La rentabilité des centrales nucléaires françaises dépendra beaucoup de l’évolution des prix du CO2 et du développement des capacités d’interconnexions électriques entre la France et ses voisins. Toutefois, ces facteurs ne peuvent pas être décidés au niveau purement national, mais résultent d’une coordination étroite entre la France et ses voisins, en particulier l’Allemagne
- En Allemagne, l’atteinte des objectifs climatiques nécessite une division par deux de la production des centrales à charbon et un rehaussement de l’objectif national de consommation d’électricité renouvelable à au moins 60 %
Pour atteindre ses objectifs climatiques, l’Allemagne devrait réduire sa production d’électricité à charbon de moitié. Accélérer la croissance de sa production d’énergies renouvelables lui permettrait de le faire sans dépendre d’importations d’électricité non désirées, en particulier en provenance de la France. Des prix du CO2 compris entre 30 et 50 euros par tonne contribueraient à améliorer le bilan des émissions de CO2 de la production d’électricité allemande sans pour autant être suffisants pour atteindre les objectifs climatiques du pays.
Elle améliorerait néanmoins considérablement le refinancement de l’électricité renouvelable sur le marché d’ici 2030.

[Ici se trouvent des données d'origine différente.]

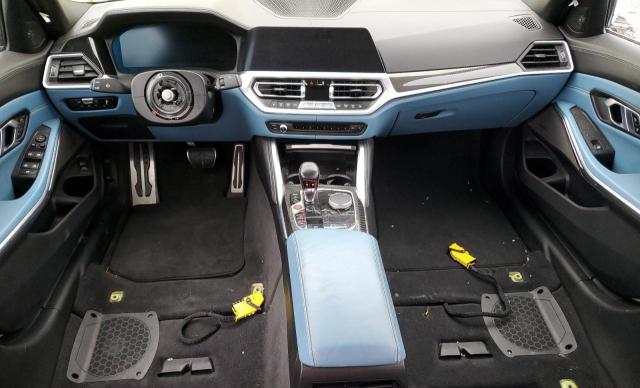 Photo 8 from auction – 2021 BMW M3 COMPETI with VIN WBS33AY07MFK56940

Des prix du CO2 plus élevés, par exemple, grâce à un prix plancher du CO2 sur le marché européen d’échange de quotas d’émission, sont essentiels du point de vue de la protection du climat. Ils entraîneraient une hausse modérée des prix de l’électricité dans les deux pays. Côté production, les effets seraient variables : si les exploitants français de centrales nucléaires bénéficient économiquement de prix plus élevés du CO2, les exploitants de centrales électriques au gaz devraient également en bénéficier en raison de la baisse de la production des centrales à charbon. Ceci serait bénéfique pour l’environnement. Pour que cela n’entraîne pas une hausse des exportations d’énergie nucléaire de la France vers l’Allemagne, un accord politique entre les deux pays ferait sens : la France pourrait s’engager à réduire la surcapacité de ses centrales nucléaires et, en échange, l’Allemagne soutiendrait activement une initiative franco-allemande en faveur d’un prix minimum du CO2
Cette étude compare les résultats de la modélisation de huit scénarios d’évolution des capacités de production d’électricité en Allemagne et en France à l’horizon 2030. Les travaux de recherche ont été coordonnés par Agora Energiewende et l’Iddri, et la modélisation a été réalisée par le cabinet de conseil Artelys.